• **Required action**: Starting at the first line of the entries below, output every line exactly, up to and including the line with "Nissan Qashqai 1.2".

• **Material provided**:
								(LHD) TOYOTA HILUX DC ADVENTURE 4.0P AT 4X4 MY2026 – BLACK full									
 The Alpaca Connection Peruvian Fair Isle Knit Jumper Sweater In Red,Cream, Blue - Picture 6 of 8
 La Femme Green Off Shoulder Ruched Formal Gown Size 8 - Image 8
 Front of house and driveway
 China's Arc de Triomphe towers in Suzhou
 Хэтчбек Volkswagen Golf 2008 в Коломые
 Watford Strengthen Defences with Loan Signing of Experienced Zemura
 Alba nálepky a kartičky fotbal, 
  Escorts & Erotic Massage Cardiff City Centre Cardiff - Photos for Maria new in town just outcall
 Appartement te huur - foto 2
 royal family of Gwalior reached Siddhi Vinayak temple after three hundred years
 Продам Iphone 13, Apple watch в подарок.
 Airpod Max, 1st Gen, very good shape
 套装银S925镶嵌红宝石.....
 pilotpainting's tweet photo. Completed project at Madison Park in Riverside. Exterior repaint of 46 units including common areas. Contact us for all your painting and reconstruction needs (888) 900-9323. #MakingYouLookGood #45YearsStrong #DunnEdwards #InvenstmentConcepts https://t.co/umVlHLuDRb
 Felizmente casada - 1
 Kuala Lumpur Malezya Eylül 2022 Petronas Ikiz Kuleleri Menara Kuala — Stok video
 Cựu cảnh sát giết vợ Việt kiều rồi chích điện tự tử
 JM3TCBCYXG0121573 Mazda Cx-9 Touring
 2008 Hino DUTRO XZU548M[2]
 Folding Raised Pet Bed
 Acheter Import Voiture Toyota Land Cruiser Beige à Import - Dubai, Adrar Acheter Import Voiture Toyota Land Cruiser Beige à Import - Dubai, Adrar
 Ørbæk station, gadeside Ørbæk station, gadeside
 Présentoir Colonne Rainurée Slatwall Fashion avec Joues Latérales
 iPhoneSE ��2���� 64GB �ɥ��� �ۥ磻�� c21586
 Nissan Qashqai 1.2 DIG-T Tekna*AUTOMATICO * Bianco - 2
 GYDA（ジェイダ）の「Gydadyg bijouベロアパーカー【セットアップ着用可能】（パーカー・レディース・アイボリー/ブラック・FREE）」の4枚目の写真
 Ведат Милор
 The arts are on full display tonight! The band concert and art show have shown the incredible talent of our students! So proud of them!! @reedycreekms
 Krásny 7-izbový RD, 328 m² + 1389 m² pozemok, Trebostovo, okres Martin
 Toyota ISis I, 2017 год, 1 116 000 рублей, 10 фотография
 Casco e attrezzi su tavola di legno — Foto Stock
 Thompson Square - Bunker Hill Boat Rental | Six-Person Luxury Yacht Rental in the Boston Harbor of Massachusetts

• **Solution to the exercise**:
								(LHD) TOYOTA HILUX DC ADVENTURE 4.0P AT 4X4 MY2026 – BLACK full									
 The Alpaca Connection Peruvian Fair Isle Knit Jumper Sweater In Red,Cream, Blue - Picture 6 of 8
 La Femme Green Off Shoulder Ruched Formal Gown Size 8 - Image 8
 Front of house and driveway
 China's Arc de Triomphe towers in Suzhou
 Хэтчбек Volkswagen Golf 2008 в Коломые
 Watford Strengthen Defences with Loan Signing of Experienced Zemura
 Alba nálepky a kartičky fotbal, 
  Escorts & Erotic Massage Cardiff City Centre Cardiff - Photos for Maria new in town just outcall
 Appartement te huur - foto 2
 royal family of Gwalior reached Siddhi Vinayak temple after three hundred years
 Продам Iphone 13, Apple watch в подарок.
 Airpod Max, 1st Gen, very good shape
 套装银S925镶嵌红宝石.....
 pilotpainting's tweet photo. Completed project at Madison Park in Riverside. Exterior repaint of 46 units including common areas. Contact us for all your painting and reconstruction needs (888) 900-9323. #MakingYouLookGood #45YearsStrong #DunnEdwards #InvenstmentConcepts https://t.co/umVlHLuDRb
 Felizmente casada - 1
 Kuala Lumpur Malezya Eylül 2022 Petronas Ikiz Kuleleri Menara Kuala — Stok video
 Cựu cảnh sát giết vợ Việt kiều rồi chích điện tự tử
 JM3TCBCYXG0121573 Mazda Cx-9 Touring
 2008 Hino DUTRO XZU548M[2]
 Folding Raised Pet Bed
 Acheter Import Voiture Toyota Land Cruiser Beige à Import - Dubai, Adrar Acheter Import Voiture Toyota Land Cruiser Beige à Import - Dubai, Adrar
 Ørbæk station, gadeside Ørbæk station, gadeside
 Présentoir Colonne Rainurée Slatwall Fashion avec Joues Latérales
 iPhoneSE ��2���� 64GB �ɥ��� �ۥ磻�� c21586
 Nissan Qashqai 1.2 DIG-T Tekna*AUTOMATICO * Bianco - 2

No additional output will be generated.